Is this the end of Coinbase?

By Crypto4you23 | Cryptoanswers22 | 4 May 2023

When Coinbase became the first crypto thing in the US to be public, some people thought it meant that money on the internet was getting more popular and the government liked it.

But, the papers that Coinbase gave to people who wanted to put money in showed that it could be a big risk.

The Securities and Exchange Commission (SEC) might say that some of the things you can buy on Coinbase are like stocks or bonds.

That means they have to follow lots of rules.

Now, two years later, it looks like that's what's happening.

The SEC is trying to make the money on the internet market safer because there were some bad things that happened before.

This fighting over the law could change Coinbase and the whole internet money thing, which is kind of confusing.

It's a big thing and people are keeping an eye on it to see what's going to happen.

TD Cowen investment bank analyst, Stephen Glagola, who has rated Coinbase's stock as "underperform" (equivalent to "sell"), stated that "the business may be materially different from what it is today."

He mentioned that Coinbase has recognized that the current situation "potentially could require Coinbase to abandon its entire retail-facing business." Glagola further stated that "there's an existential risk."

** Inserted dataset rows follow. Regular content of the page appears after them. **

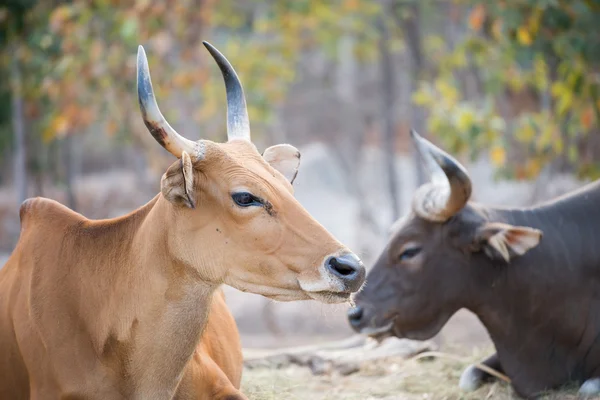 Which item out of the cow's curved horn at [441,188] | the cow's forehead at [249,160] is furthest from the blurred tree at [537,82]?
the cow's forehead at [249,160]

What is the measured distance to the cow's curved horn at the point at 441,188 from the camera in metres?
4.91

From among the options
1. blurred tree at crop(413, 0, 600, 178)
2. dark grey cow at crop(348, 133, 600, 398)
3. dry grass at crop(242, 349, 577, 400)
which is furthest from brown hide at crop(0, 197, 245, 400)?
blurred tree at crop(413, 0, 600, 178)

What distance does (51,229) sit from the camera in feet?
12.9

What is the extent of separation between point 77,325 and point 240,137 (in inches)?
40.9

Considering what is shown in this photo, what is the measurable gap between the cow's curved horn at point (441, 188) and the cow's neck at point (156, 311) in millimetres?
1905

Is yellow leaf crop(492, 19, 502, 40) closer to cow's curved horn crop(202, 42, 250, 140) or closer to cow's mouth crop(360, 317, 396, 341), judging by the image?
cow's mouth crop(360, 317, 396, 341)

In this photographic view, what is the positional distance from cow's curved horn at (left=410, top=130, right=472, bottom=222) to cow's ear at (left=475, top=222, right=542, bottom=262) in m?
0.24

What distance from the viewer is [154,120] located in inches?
128

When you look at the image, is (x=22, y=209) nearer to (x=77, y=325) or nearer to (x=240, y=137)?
(x=77, y=325)

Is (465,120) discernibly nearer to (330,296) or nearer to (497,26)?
(497,26)

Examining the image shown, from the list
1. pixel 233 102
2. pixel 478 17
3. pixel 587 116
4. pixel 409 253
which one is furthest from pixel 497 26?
pixel 233 102

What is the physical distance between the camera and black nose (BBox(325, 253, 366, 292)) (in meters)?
3.12

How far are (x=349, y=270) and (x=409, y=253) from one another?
2084 mm

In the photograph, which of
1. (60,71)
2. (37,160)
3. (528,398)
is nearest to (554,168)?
(60,71) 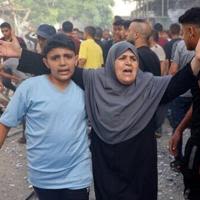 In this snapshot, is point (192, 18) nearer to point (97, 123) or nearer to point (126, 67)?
point (126, 67)

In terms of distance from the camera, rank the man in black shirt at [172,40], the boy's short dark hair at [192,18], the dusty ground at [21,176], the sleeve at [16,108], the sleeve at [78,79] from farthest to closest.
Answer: the man in black shirt at [172,40] → the dusty ground at [21,176] → the boy's short dark hair at [192,18] → the sleeve at [78,79] → the sleeve at [16,108]

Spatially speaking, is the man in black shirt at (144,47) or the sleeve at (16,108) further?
the man in black shirt at (144,47)

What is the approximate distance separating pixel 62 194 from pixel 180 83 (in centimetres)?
104

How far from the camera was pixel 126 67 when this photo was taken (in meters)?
2.64

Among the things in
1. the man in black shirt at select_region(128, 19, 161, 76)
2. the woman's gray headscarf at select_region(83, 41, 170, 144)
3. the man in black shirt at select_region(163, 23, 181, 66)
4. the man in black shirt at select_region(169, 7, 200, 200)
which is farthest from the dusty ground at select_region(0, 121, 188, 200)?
the woman's gray headscarf at select_region(83, 41, 170, 144)

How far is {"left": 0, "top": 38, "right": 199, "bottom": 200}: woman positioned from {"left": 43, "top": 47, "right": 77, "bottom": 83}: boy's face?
6.9 inches

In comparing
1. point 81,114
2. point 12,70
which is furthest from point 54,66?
point 12,70

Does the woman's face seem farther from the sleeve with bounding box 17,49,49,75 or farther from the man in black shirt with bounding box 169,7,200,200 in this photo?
the sleeve with bounding box 17,49,49,75

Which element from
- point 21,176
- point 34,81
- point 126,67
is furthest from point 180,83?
point 21,176

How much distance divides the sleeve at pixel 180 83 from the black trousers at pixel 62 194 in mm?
783

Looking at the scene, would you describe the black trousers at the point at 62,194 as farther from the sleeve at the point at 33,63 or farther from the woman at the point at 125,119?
the sleeve at the point at 33,63

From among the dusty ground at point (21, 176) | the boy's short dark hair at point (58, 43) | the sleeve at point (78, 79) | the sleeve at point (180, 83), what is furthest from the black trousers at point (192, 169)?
the dusty ground at point (21, 176)

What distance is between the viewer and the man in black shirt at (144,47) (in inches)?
190

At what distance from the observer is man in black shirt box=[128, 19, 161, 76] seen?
4816 mm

The SEC's crackdown on the cryptocurrency sector has been expedited after the collapse of FTX, which was fraught with alleged frauds that shook the markets at the end of last year.

The regulator has sued other crypto trading platforms, including and Bittrex, for allegedly operating unregistered exchanges, brokers, and clearinghouses. The regulator has also made an agreement with Kraken over its U.S. staking program.

Coinbase informed in March that the SEC had sent a warning about its planned legal crackdown on the company.

According to Jefferies bank analysts, about 35% of Coinbase's net revenue is potentially at risk depending on the course of the SEC's lawsuit.

The industry has adopted a tougher stance towards regulators due to the threat to the foundations of their business, according to J. Austin Campbell, assistant professor at Columbia Business School.

"So, we're going to go the other way and fight," he said, "because we have nothing to lose."